About this exercise => The line containing "Вкусная дождевая вода... - Наталья Вкусная", and every line after it to the end of the listing, should be repeated exactly; the pictures should not.

Provided material =>
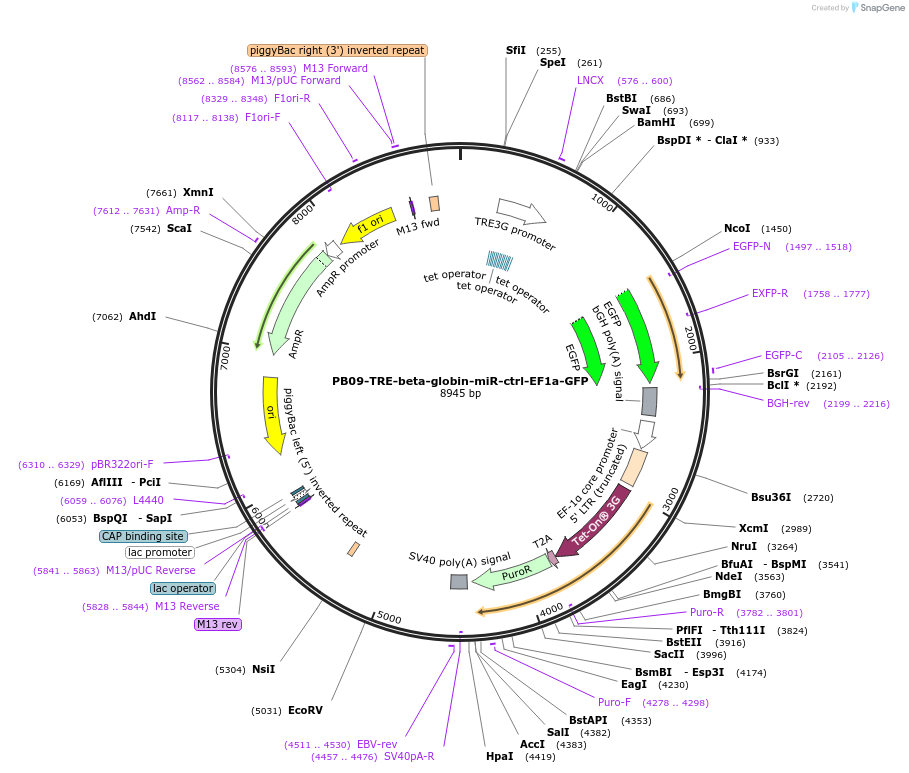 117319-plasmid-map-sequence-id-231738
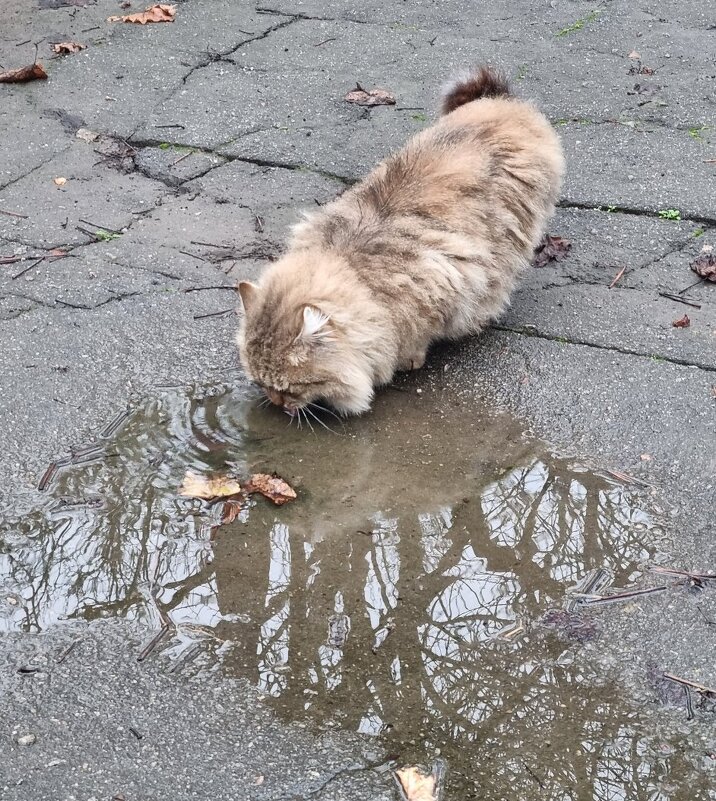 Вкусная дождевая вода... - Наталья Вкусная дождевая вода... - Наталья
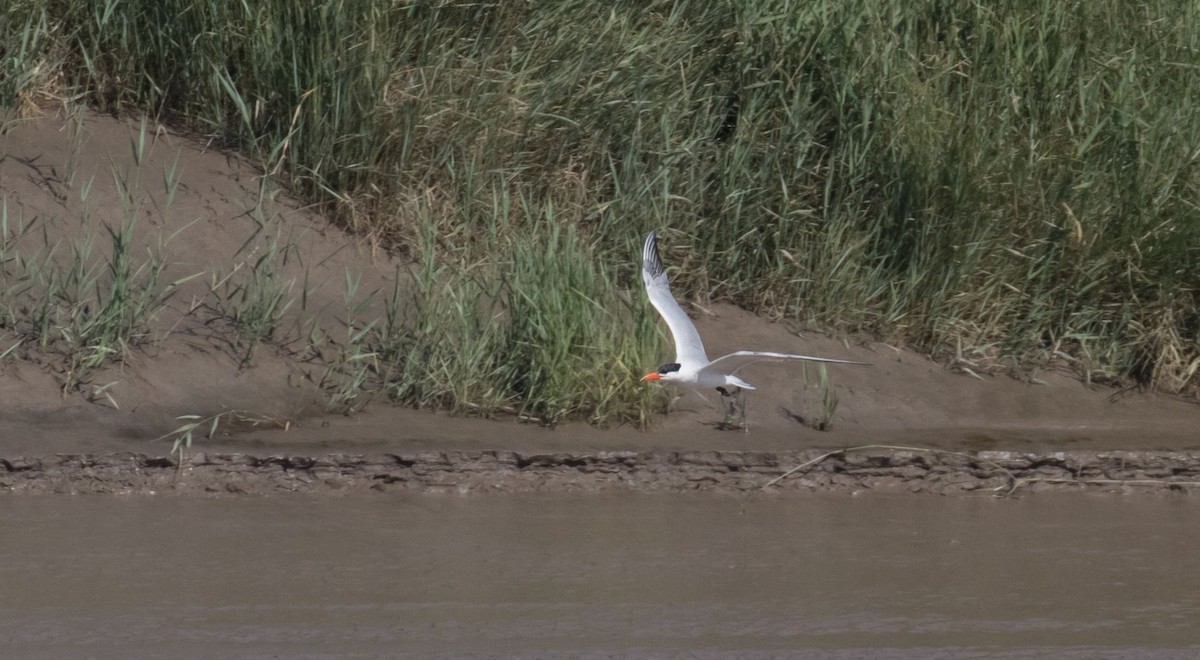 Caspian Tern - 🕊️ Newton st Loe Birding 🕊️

Result of this exercise =>
 Вкусная дождевая вода... - Наталья Вкусная дождевая вода... - Наталья
 Caspian Tern - 🕊️ Newton st Loe Birding 🕊️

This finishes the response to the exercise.